You asked about which wikis to look at. Are en, fr, de, it and es the ones
we can best read? (I'm okay with that to start, by the way—it optimizes
developer time.) By number of zero-result queries from my 500K sample, the
top five are en, de, pt, ja, and ru—though that sample is small. By overall
size, it's en, sv, de, nl, and fr. Clearly enwiki dominates, and I'm
guessing the performance will differ across languages—so I don't have a
clear suggestion here. But enwiki makes sense because it's the biggest on
every front, and itwiki, because it does the most interesting crosswiki
stuff.
Hmm. Is enwiki big enough to drag everything else along if it's very
beneficial there?
We have some technical restrictions here, if we activate this settings on
one wiki we'll need to reindex most of the wikis
because we have cross-wiki
searches.
wikiA can query wikiB's index, if wikiB index is not updated with correct
settings the query will fail.
...
So it's hard to work with mixed settings with the
current architecture :(
I'm a bit confused. Will elasticsearch do really bad things if you ask it
to search in a way that isn't enabled on a particular index? Does fail mean
zero results, or does it waste lots of CPU and start throwing errors? Is
there a reasonable way to assess what features a query needs and whether a
given index supports those features? Sounds terribly ugly, but I had to ask.
Note that we will not be able to measure things like :
search is a better than samech for the query saerch.
This seems impossible to check without human review.
We could do another
run with queries where a suggestion was found and generate a diff that will
be reviewed by hand:
user_query: saerch
prod_suggestion: samech
with_reverse: search
Are you thinking of manual review of the suggestions, or of a diff of the
results of the suggestions? I'm assuming just looking at the terms—I feel
that a fluent speaker could easily tell that search is better than samech
just by looking at the words. (So I could help review in English, at least.)
That said, there are two things I can think of that would make for at least
a weak heuristic: edit distance and frequency.

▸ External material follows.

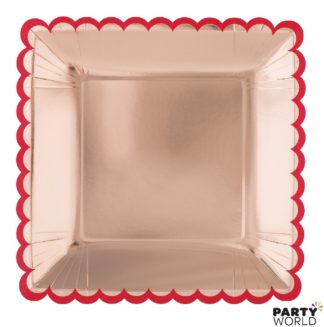rose gold scalloped paper plates with red details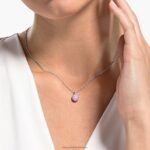 okrúhly prívesok z kameňa október, ružová, rhodiovaná B8ZNT315 Swarovski šperky - Image 2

Since there only going to be a small number of suggestions in each case,
running full edit distance on them offline wouldn't be too costly. There
are many versions of edit distance you could use. With plain dumb E.D.,
these are both distance 2, but with reversals counting less than a full
insert + delete, "search" is better than "samech". You can also do
more
generic weighted edit distance to allow typos (x is more likely for z than
p for z) or likely spelling errors (mixing up vowels or double vs single
letters) to count less.
As for frequency, you could look at overall term frequency or document
frequency in the index, or if that's too expensive, get a generic frequency
list for the language in question. "search" is clearly better than
"samech"
by any frequency metric.
We could take hand-reviewed results (seems like it'd be quick work—I'd do a
pile from enwiki) as training data to fit a model that would allow us to
predict which suggestions are likely to be better.
If/when we do roll it out to production, we could obviously further test by
giving multiple suggestions and seeing which ones users like.
—Trey